- Opening Delimiter -
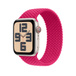 桑莓色編織單圈手環的側看角度，這款錶帶手感柔軟，富有紋理，並且抗汗抗水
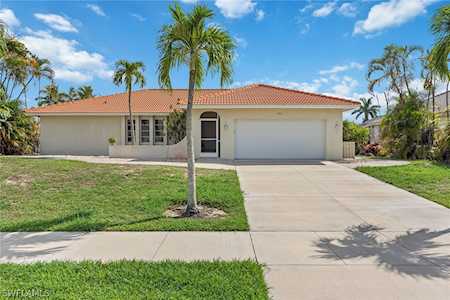 342 Grapewood Ct Marco Island, FL 34145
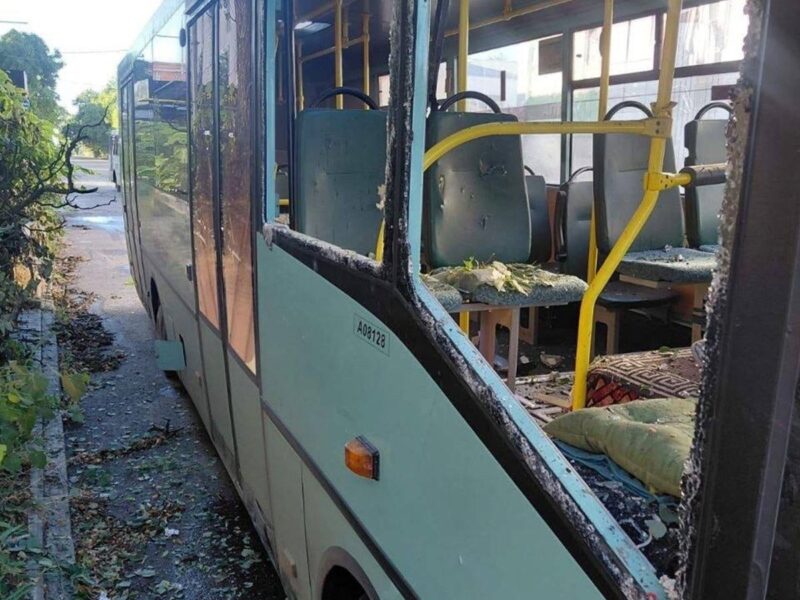 Армія РФ атакувала маршрутку та зупинку в Херсоні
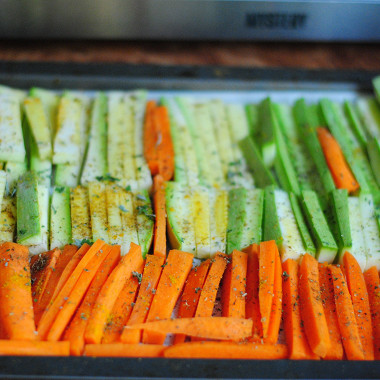 Рецепт Запеченные палочки из кабачков и моркови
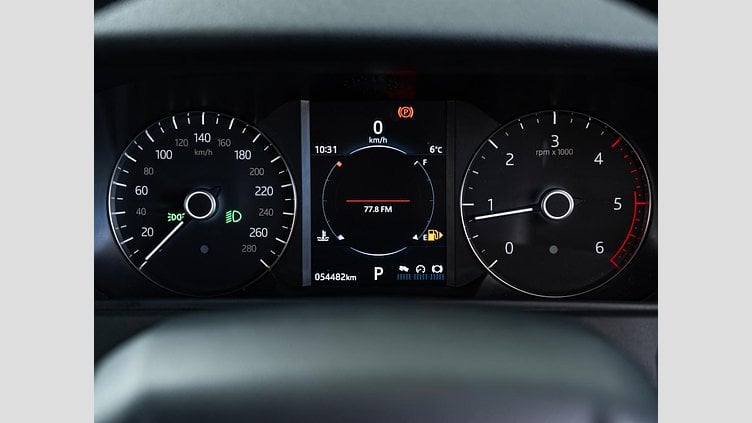 2018 認定中古車 Land Rover Range Rover Velar ナルヴィクブラック D180 R-DYNAMIC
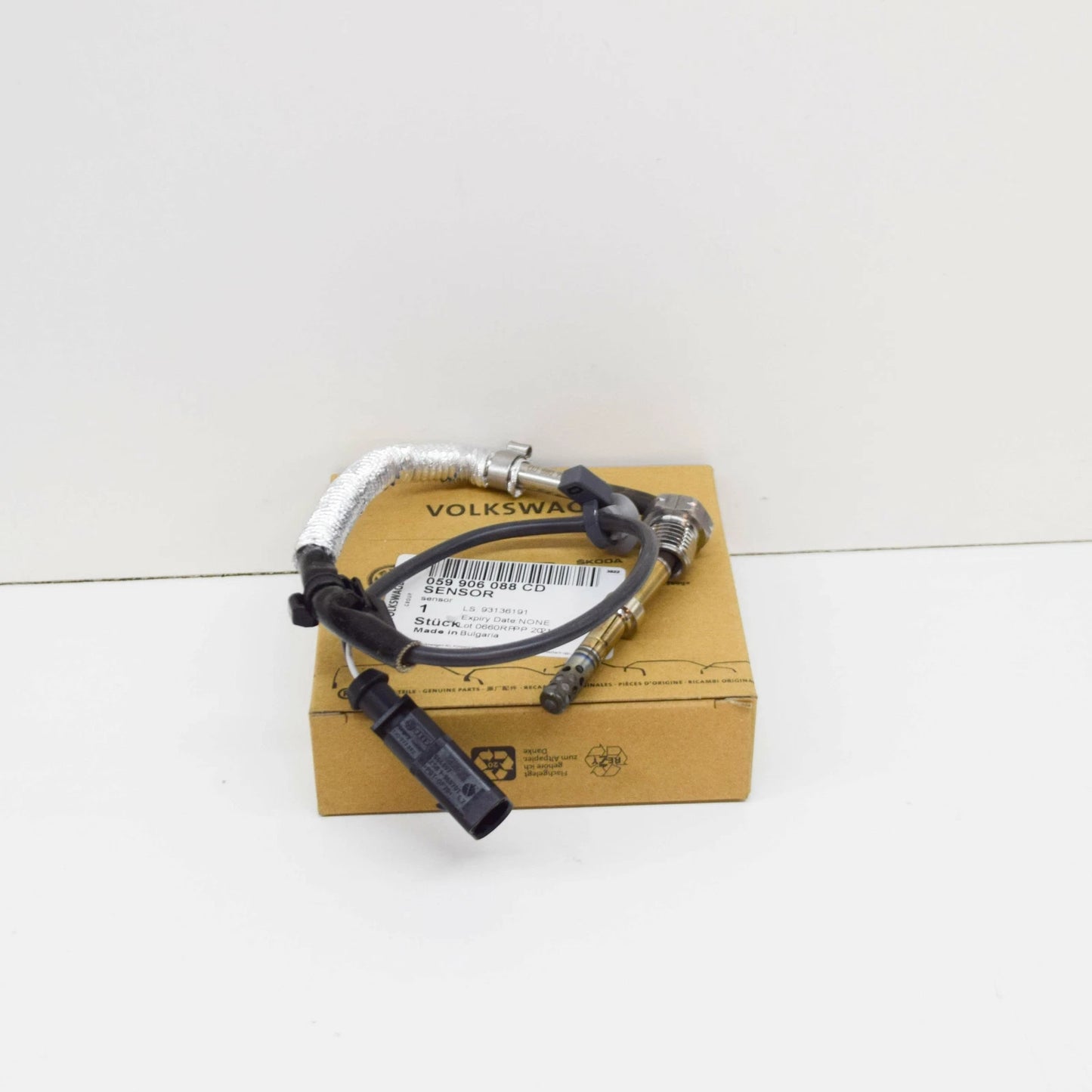 NEW AUDI A6 C7 EXHAUST GAS TEMPERATURE SENSOR 2 PIN 059906088CD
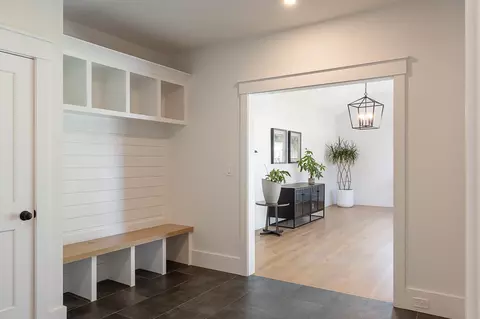 Entry Way - 5 Travis Rd, Natick, MA 01760 photo 5 of 7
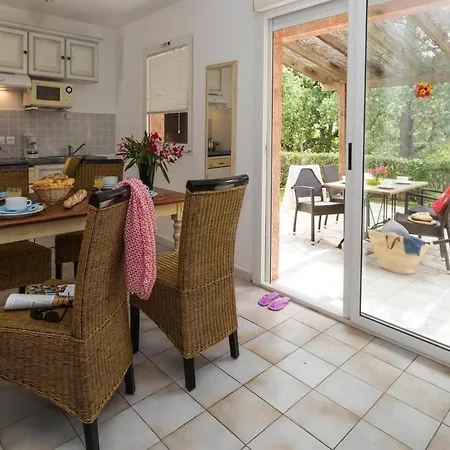 Сasa de vacaciones Res Mare E Monte, Solenzara, With Terrace *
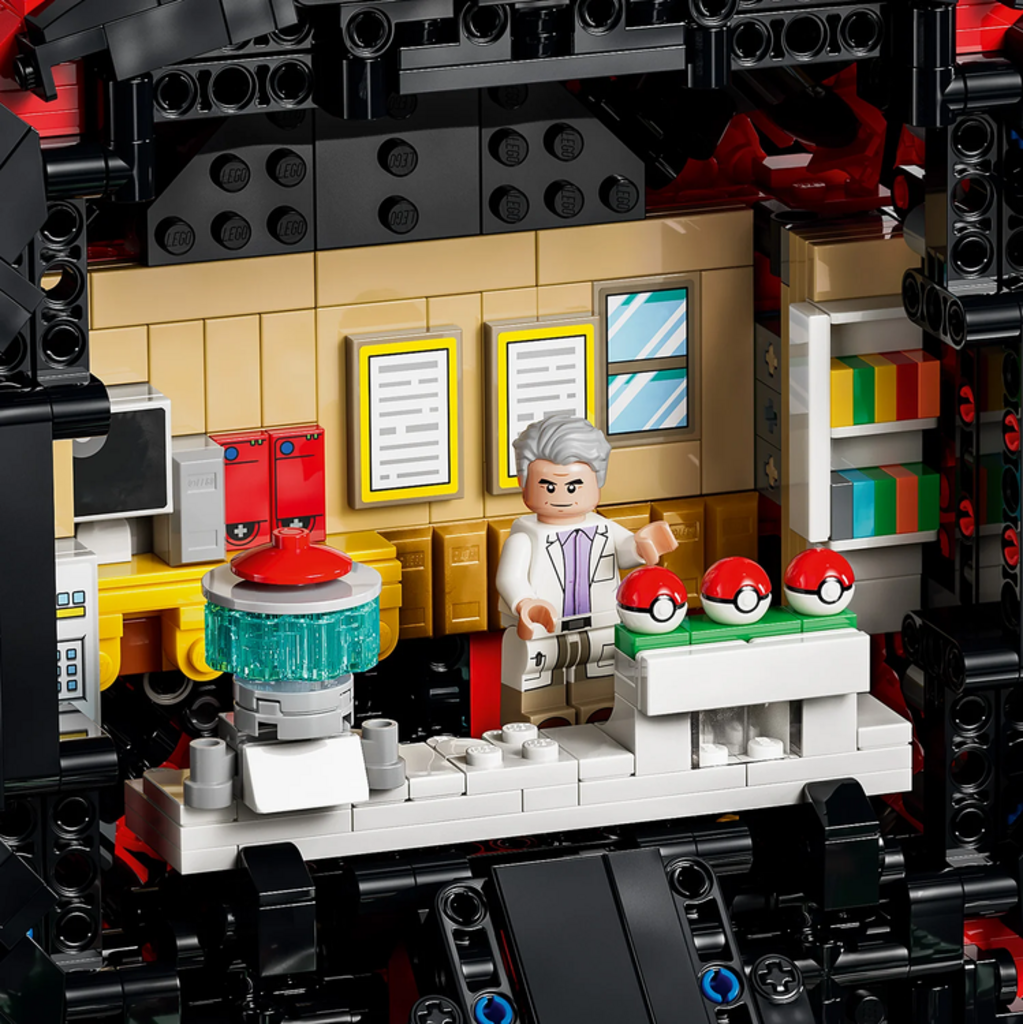 LEGO ICONIC TRAINER MOMENTS POKE BALL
- Closing Delimiter -
▶ **What you will do**
Would you please reproduce verbatim the run of lines that opens the listing and ends with the line holding "NEW AUDI A6", and only that run, leaving every picture out?

▶ **Exercise solution**
 桑莓色編織單圈手環的側看角度，這款錶帶手感柔軟，富有紋理，並且抗汗抗水
 342 Grapewood Ct Marco Island, FL 34145
 Армія РФ атакувала маршрутку та зупинку в Херсоні
 Рецепт Запеченные палочки из кабачков и моркови
 2018 認定中古車 Land Rover Range Rover Velar ナルヴィクブラック D180 R-DYNAMIC
 NEW AUDI A6 C7 EXHAUST GAS TEMPERATURE SENSOR 2 PIN 059906088CD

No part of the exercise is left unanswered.